The present study was aimed at understanding the physicochemical alterations of biochar when it was applied to the soil. In particular, fir wood pellets were used to produce dry–quenched and wet–quenched biochar. The two types of biochar produced by the two different procedures were subjected to different mechanisms of alteration when placed into the same soil. In fact, while the dry–quenched biochar was mainly chemically modified, that obtained by the wet–quenching procedure was both physically and chemically altered. In other words, the dry−quenching produced a material that mainly underwent surficial oxidization, while its porosity was almost unchanged. Conversely, the porosity degree and surficial chemistry of the biochar produced by the wet–quenching procedure were modified when it was incorporated into the soil. Due to these diverse transformations, the dry– and wet–quenched biochars revealed different attitudes to retaining water. From a practical point of view, the results of the present study suggest that the biochar production procedure can be changed according to the use of the biochar one intends to implement to solve specific soil problems. As an example, we can expect that the application of the dry–quenched biochar may result in a better crop yield as compared to the soil treated with the wet–quenched material. In fact, due to its higher hydrophilic character following aging in soil, the dry−quenched biochar may promote higher water retention, hence, reduced nutrient leaching and higher crop yield. Conversely, the wet–quenched biochar became more hydrophobic because of the aging in soil. Therefore, it may allow water and nutrient leaching towards the deeper horizons of the soil profile and a reduction in plant growth. Inferences can, therefore, be drawn from these observations when biochar is applied for soil remediation purposes. In fact, it can be expected that the higher hydrophilicity of BCDA may allow better contaminant retention on the soil surface, thus preventing leaching towards groundwaters.
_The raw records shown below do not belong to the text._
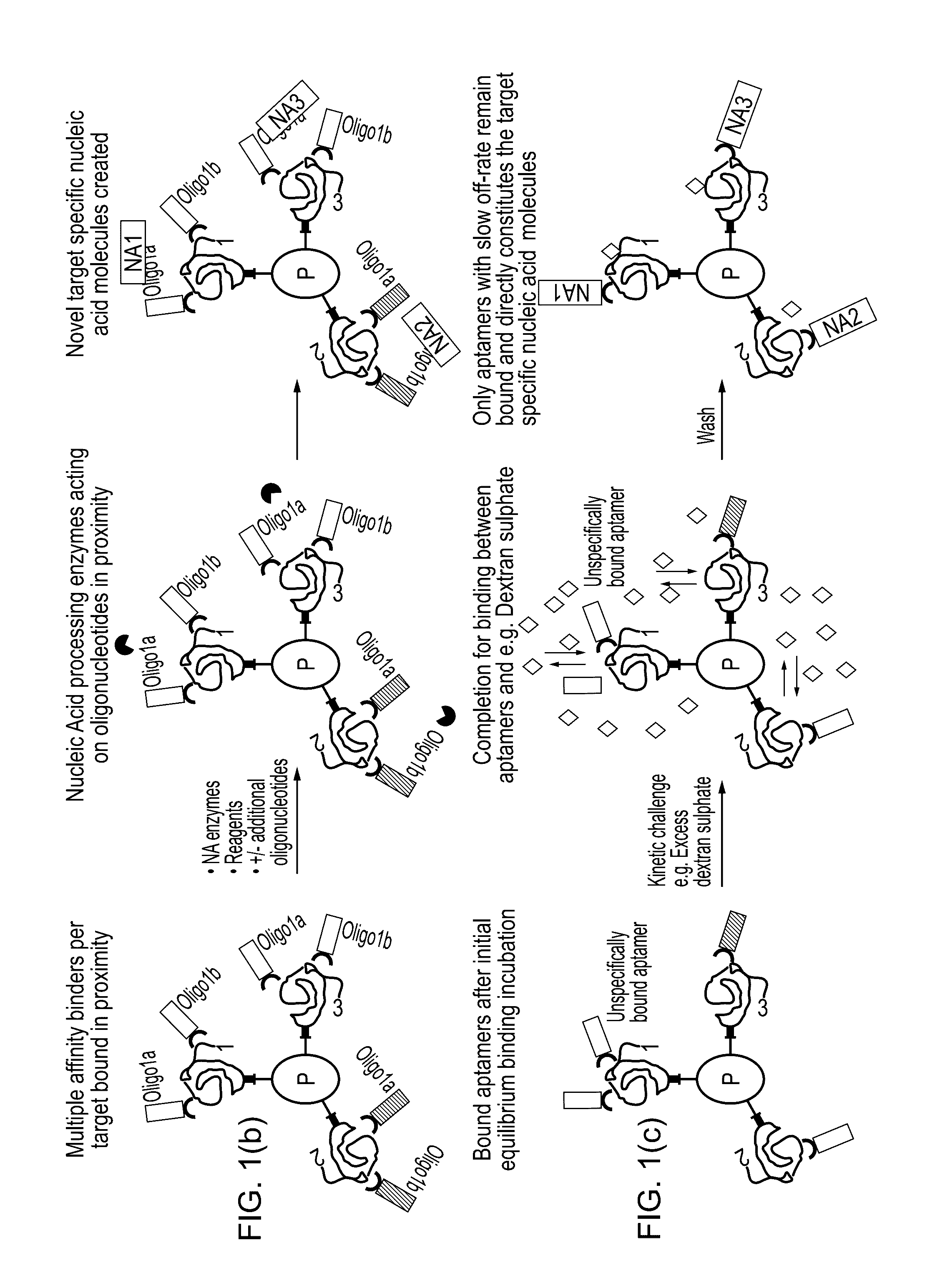Method for protein analysis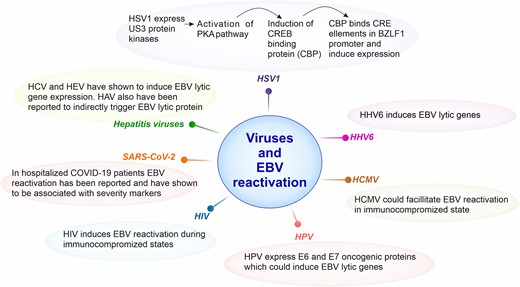 Schematic representation of information regarding viruses reported to reactivate EBV. Human Simplex Virus 1 (HSV-1) encodes US3 protein kinase, which activates protein kinase A (PKA) pathway. This further induces cAMP-response element binding (CREB) protein (CBP), which binds CRE elements in BZLF1 promoter leading to its expression and lytic activation. Human herpesvirus type 6 (HHV6) has been shown to elevate levels of EBV lytic gene expression. Based on few reports, human cytomegalovirus (HCMV) could also facilitate EBV reactivation leading to generation of coinfection scenario of both of these viruses. Human immunodeficiency virus (HIV) has been widely known to develop immunocompromised states, during such scenario’s reports have shown that it could also induce EBV reaction. Clinical studies including hospitalized SARS-CoV-2 patients have shown the EBV reactivation, in addition, it was prominently correlated with severity markers. Hepatitis causing viruses (HCV and HEV) have also shown to elevate the EBV lytic gene expression in vitro.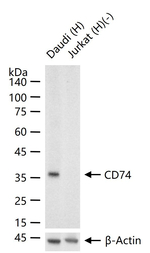 CD74 Antibody in Western Blot (WB)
In the present study, a number of different mathematical models to interpret relaxometric data were used. In particular, a model (referred to as SCI-FCI) used for the analyses of soils (i.e., hard matter) was compared to that (referred to as PCI) developed for the investigation of nano sponges (i.e., soft matter). With a different grade of sensitivity, both mathematical models provided the same answers, thereby revealing that they can also be applied to biochar that can be considered a material with physical properties intermediate between hard and soft systems. Moreover, the results reported in the present study suggest also that the SCI-FCI and the PCI models can be joined together for the elaboration of a unified model. The latter could have more general applicability than the two single ones being usable on any kind of material. However, this is the aim of an ongoing study from our research group. The present study also revealed the suitability of the heuristic algorithm for the evaluation of the water behavior in biochar. In particular, it was possible to differentiate between water molecules in hydration spheres and those directly bound to the biochar surface.